Men zou bezwaarlijk twee menschen kunnen vinden, die beter overeenstemden dan Dominee Berger en zijn achttienjarige dochter. Rebekka was moederloos opgegroeid. Maar in haar vriendelijken, zachtzinnigen vader was zooveel van het vrouwelijke, dat het jonge meisje, aan haar moeder denkende, zich slechts een bleek gelaat herinneren kon; het gemis eener moeder was voor haar meer eene weemoedige herdenking dan een bepaald smartelijk verlies.

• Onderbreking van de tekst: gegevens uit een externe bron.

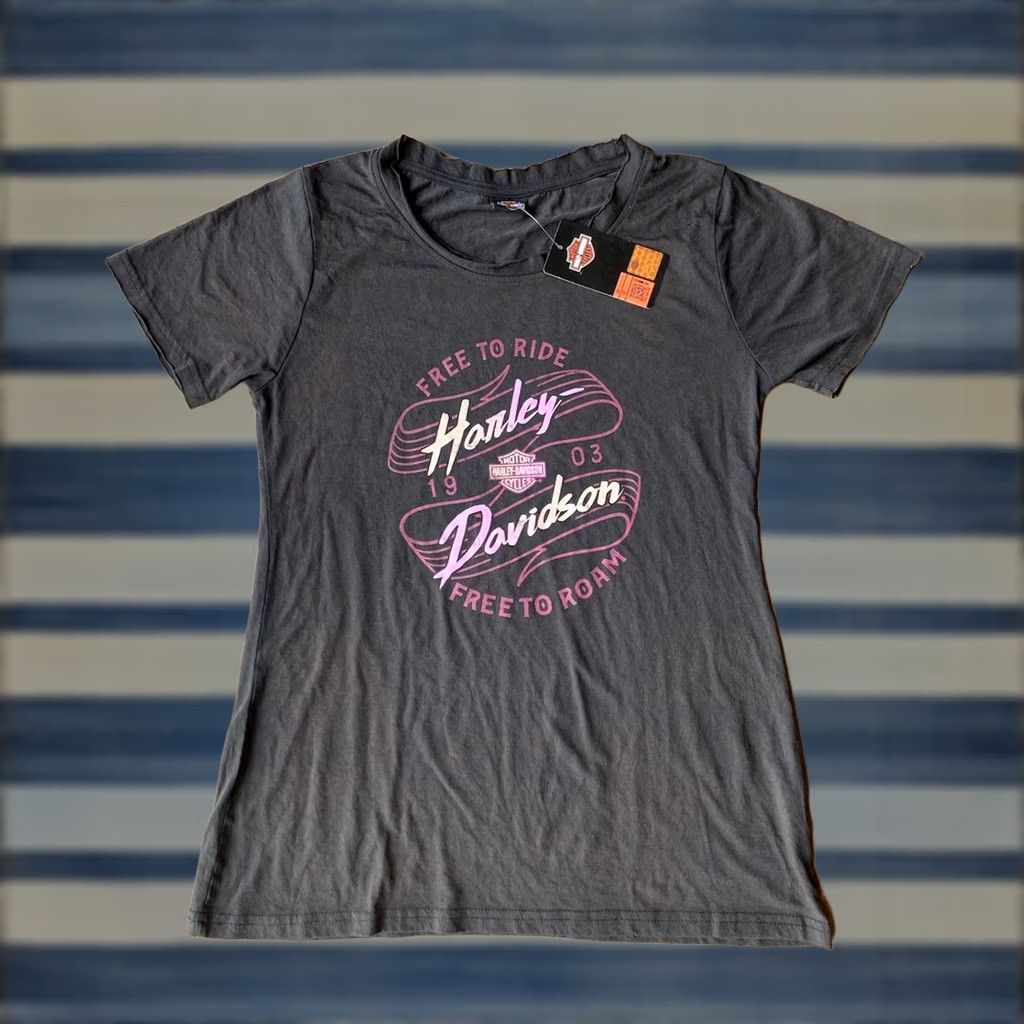 Harley Davidson Harley-Davidson Shirt Women’s Medium Biker Wings Black Crew Neck Short Sleeve T-Shirt NWT Boise Idaho Size S / US 4 / IT 40 - 1 Thumbnail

Voor hem vulde zij hoe langer hoe meer de ledige plaats in zijn huis en hart aan. Al de teedere zorg waarmede hij zijn vrouw tot aan haar dood had omgeven, wijdde hij thans aan het jonge meisje, dat onder zijne handen opgroeide. Hij werd bijna een moeder voor haar; van zijn stil en rein standpunt leerde hij haar de wereld en het leven kennen. Zijn hoofddoel was erop gericht, haar te beschermen tegen al het onedele, al het onrustige, dat in de maatschappij zoo gevaarlijk is. Hij hoopte haar fijnbesnaard gemoed daarvoor te bewaren.
Wanneer zij, samen op den berg achter de Pastorie staande, van daar de oproerige golven gadesloegen, zeide hij soms: ‘Zie, Rebekka, zoo ziet de wereld eruit - de wereld waar de menschen in opgaan; waar onzuivere neigingen de gebrekkige bootjes doen rijzen en dalen, tot eindelijk het strand met wrakhout bedekt ligt. Alleen wie om zijn rein hart een sterken dam bouwen kan, is in staat aan die opstuwende golven weerstand te bieden - zij breken dan, onmachtig hem kwaad te doen, aan zijne voeten.’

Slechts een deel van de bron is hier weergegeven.